Salvation is Free
It seems that my post yesterday was overly long, so I am going to post a Cliff notes version.
My intention was to introduce an argument that runs counter to the idea that religion exists to meet an unfilled need for a system of ethics and a meaning to life.
Paul Bloom suggests an alternative theory- religion stems not from this unmet need, but from the human cognitive structure. Based on studies conducted on newborns, there exists two separate systems in the brain- one responsible for appreciating the laws of physics (e.g., if you hold a ball in front of an infant and release it, the infant will express shock if the ball does not drop) and one responsible for appreciating emotions.
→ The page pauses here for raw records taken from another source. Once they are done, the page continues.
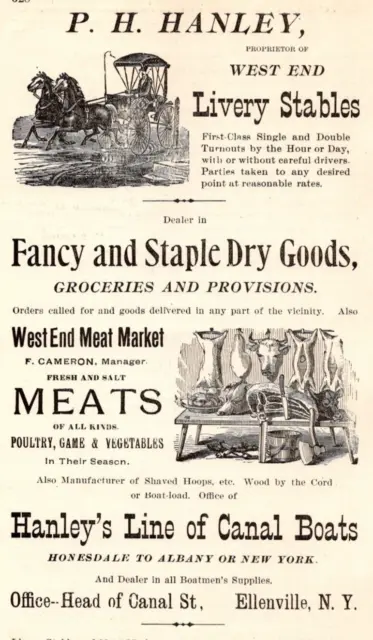 1900 P H Hanley Livery Stables Dry Goods MEATS Hanleys Canal Boats ELLENVILLE NY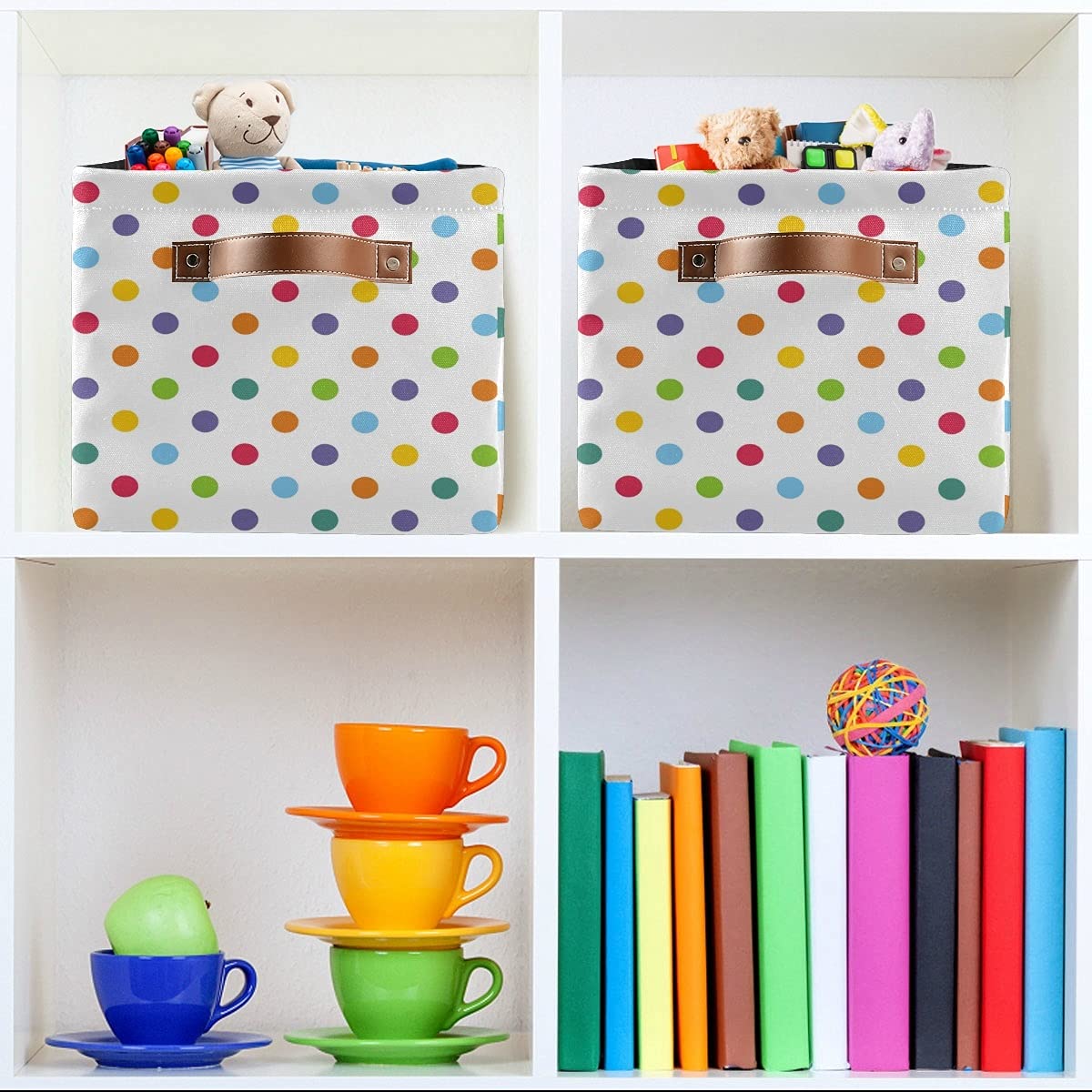 Rainbow Polka Dot Collapsible Storage Bins with Handles - Foldable Fabric Storage Cube Basket for Closet, Nursery, Bedroom & Home Office Organization (1 Pack) | Perfect for Toy Storage, Laundry Sorting & Shelf Organizing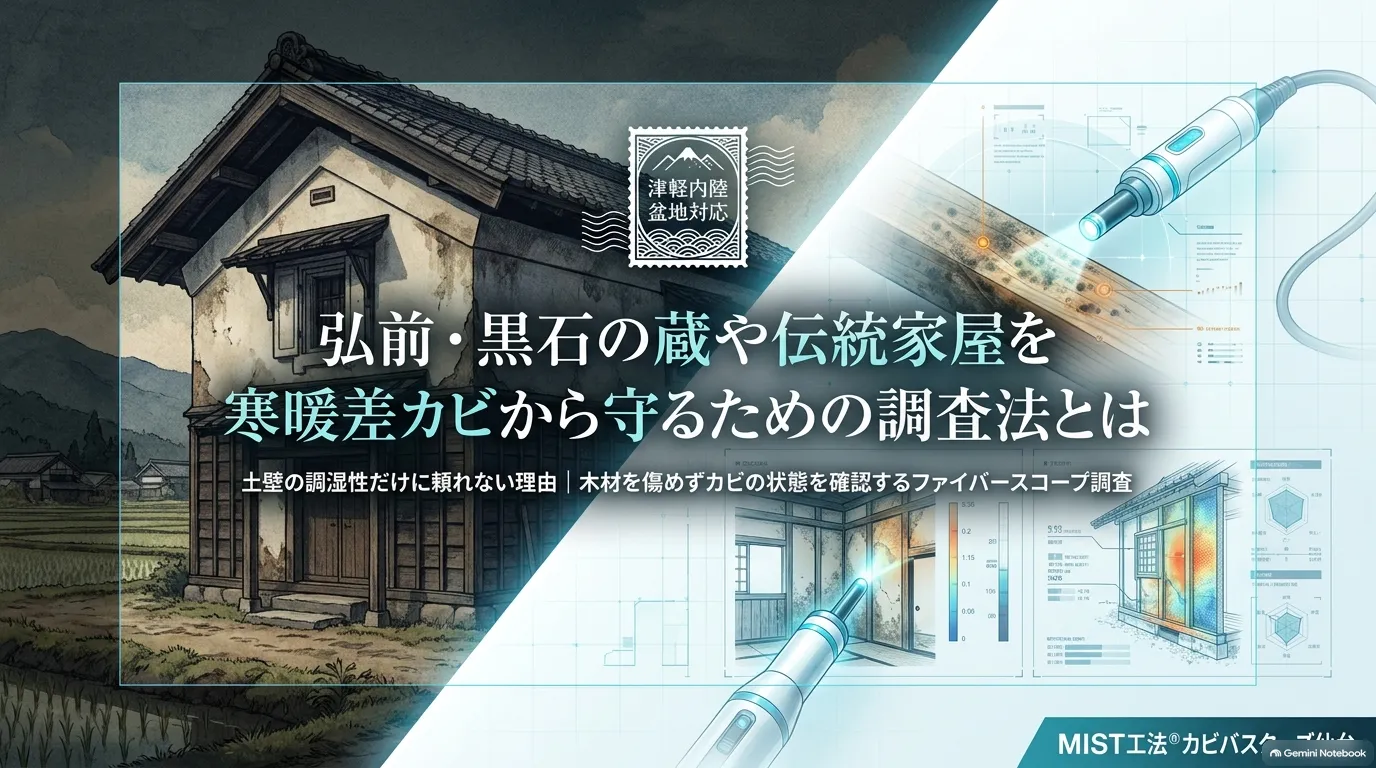 弘前・黒石の蔵や伝統家屋を守る😌寒暖差カビから大切な木材を守る調査法とは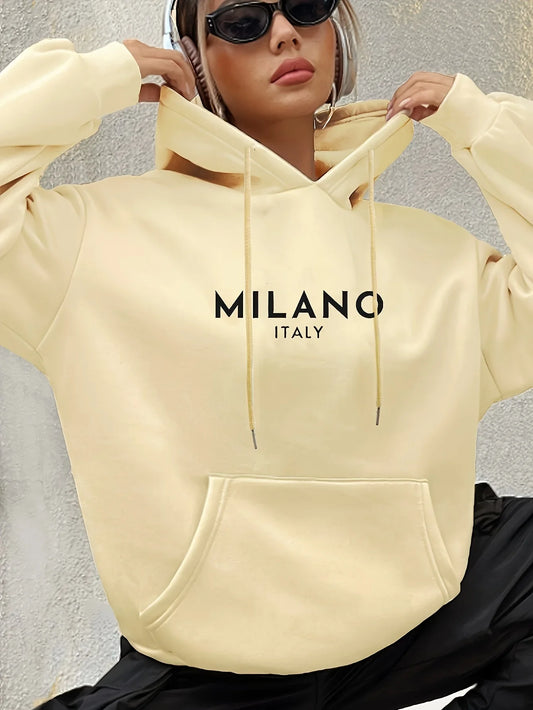 Sweat à Capuche Imprimé Alphabet Milano en Polyester Coupe Régulière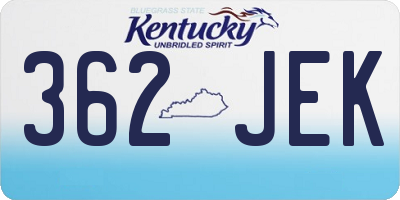 KY license plate 362JEK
The existence of these two systems as separate semi-autonomous modules is evinced in infants who suffer from autism (i.e., a lack of emotional understanding) who still possess the system for appreciating physics.
The essential problem with religion is that it does much more than fulfill the need for ethics or any of the other utilitarian justifications for religion. Superstitious beliefs, however useful, are not needed to create a model of ethics. Bloom suggests a reason why human beings are intrinsically superstitious- the higher faculties of reason blur the discreteness of these two systems- if people of emotions, why not read emotions into rocks? It does not take a great leap of the imagination to see primitive man as superstitious- just look at today’s current society.
In fact, if you accept that man is intrinsically superstitious, an Orthodox Jew must ask herself not only from when cometh MY salvation, but from where did pre-Judaic religion arise?